Bunn explains Google could give a percentage likelihood of a page containing low value content, and then any page that exceeds a certain percentage threshold might be analysed in terms of its user click data. This keeps such data as confirmation of low quality only, rather than a signal of quality (high or low) in its own right. So it cannot be abused by webmasters eager to unleash smart automatic link clicking bots on the Google SERPs.

How might Google arrive at this "low value content" score in the first place – enter the document level classifier

A "document level classifier" (which Google announced a redesign to in a blog post late January), is the part of the search engine that decides such things as what language a document is written in and what type of document it is (blog post, news, research paper, patent, recipe etc.). It could also be used to determine whether a document is spam, or contains low value content.
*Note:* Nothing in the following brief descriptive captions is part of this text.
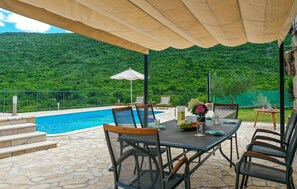 Relax by the pool surrounded by a lush hillside and enjoy the serene atmosphere.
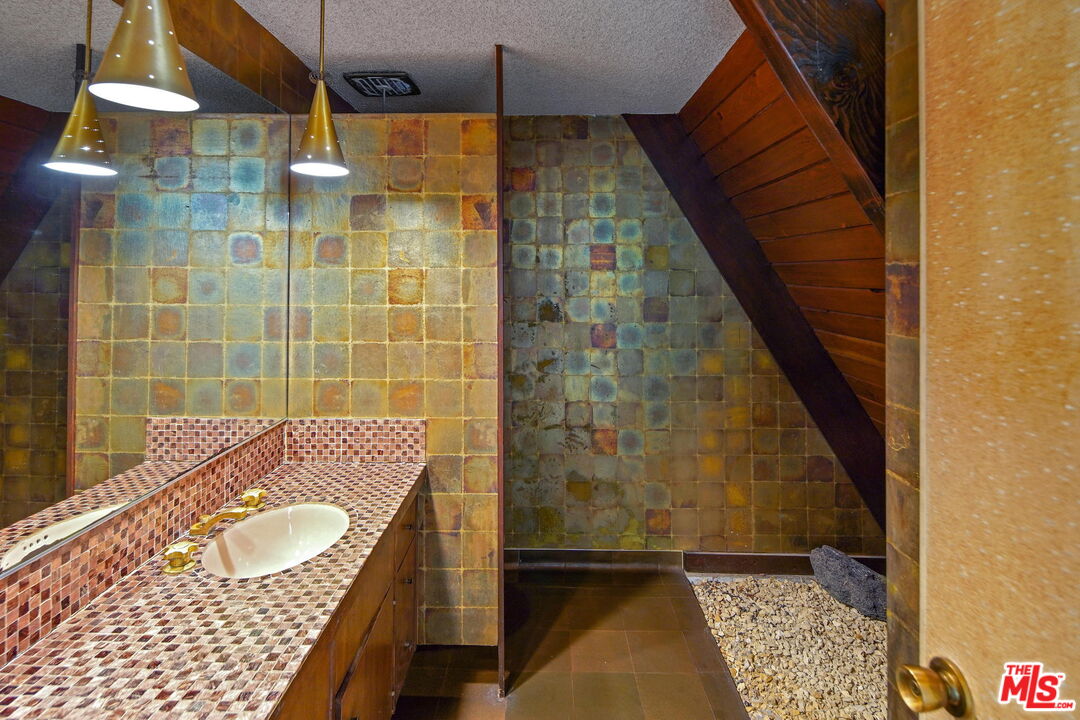 1335 Shadybrook Drive Beverly Hills, CA 90210 - Photo 22 of 39 a bathroom with a sink and shower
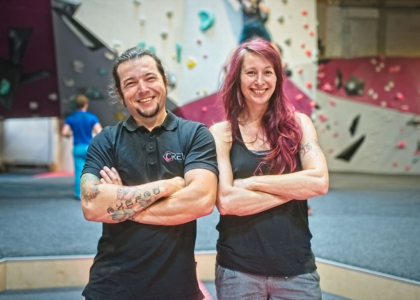 Ein Mann und eine Frau stehen mit verschränkten Armen lächelnd in einer Boulderdach-Halle.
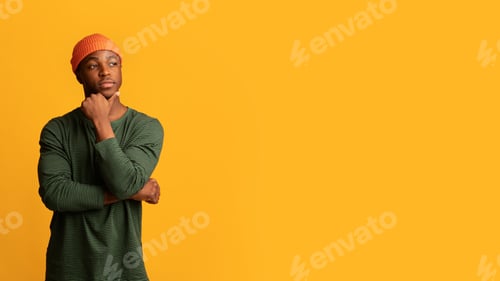 Preview: Interesting Offer. Pensive Young Hipster Guy Touching Chin And Looking Aside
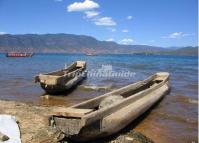 The pig-trough boats of Mosuo People in Lugu Lake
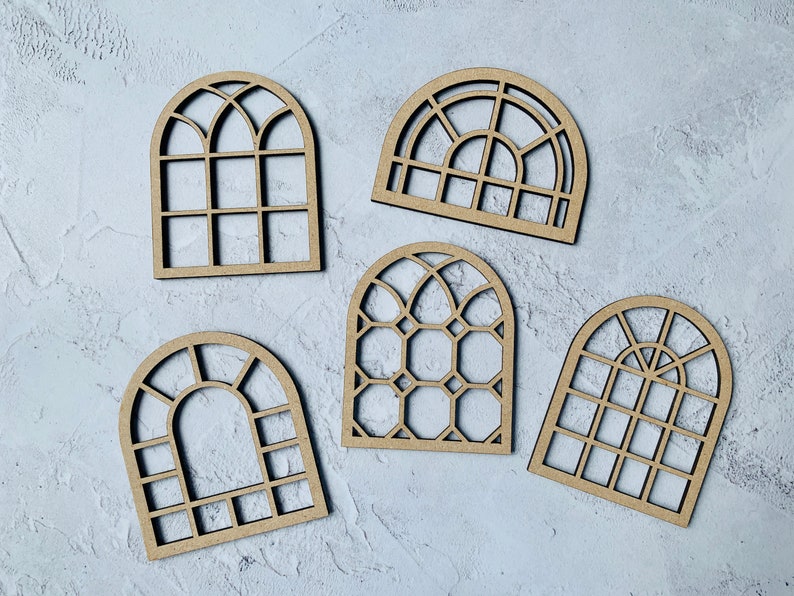 Op de afbeelding: Vijf houten boogvensterframes met verschillende ruitontwerpen. De frames zijn allemaal gemaakt van onbehandeld hout en hebben een natuurlijke bruine kleur.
For example, it might look for content with excessive repetition of a particular key word and lacking in semantic variation unlike a naturally written document, content with little supporting video and/or images, content containing keywords but few proper sentences (indicating it could be machine generated) or newly created content too closely aligned with keywords regularly searched for (a hallmark of content farms).

“It is possible the first algorithm update of the year i.e. in January, was the roll out of the document level classifier, and Panda added the additional layer of user click data”, says Bunn. “Or, the new classifier may only have been "soft launched" on a few data centres or for internal testing, before being rolled out alongside the user click data component.”

Google's "Personal Blocklist" Chrome Extension to help validate quality content

Some in the industry are nervous of Google making qualitative judgements about content quality. There is a way for Google to validate what its algorithm believes are low quality content sites against real user feedback - the Personal Blocklist extension for its browser, Google Chrome. Launched in mid-February, the extension lets Chrome users block specific sites from appearing in their search results on Google, and passes back information about what sites are being blocked to Google. However, Google claims that the Personal Blocklist has no algorithmic impact on rankings (yet).

Whilst Greenlight’s Bunn is of the view that this is credible, (not enough time has as yet elapsed to properly analyse and build the data into the algorithm), he does not rule out the use of this data in the future and in a similar capacity to click data – a second or third line validation of assumptions Google has already made about quality in other ways. Indeed, Google itself has pointed out it has compared the sites affected by Panda to the sites people are blocking with Personal Blocklist saying “we were very pleased that the preferences our users expressed by using the extension are well represented."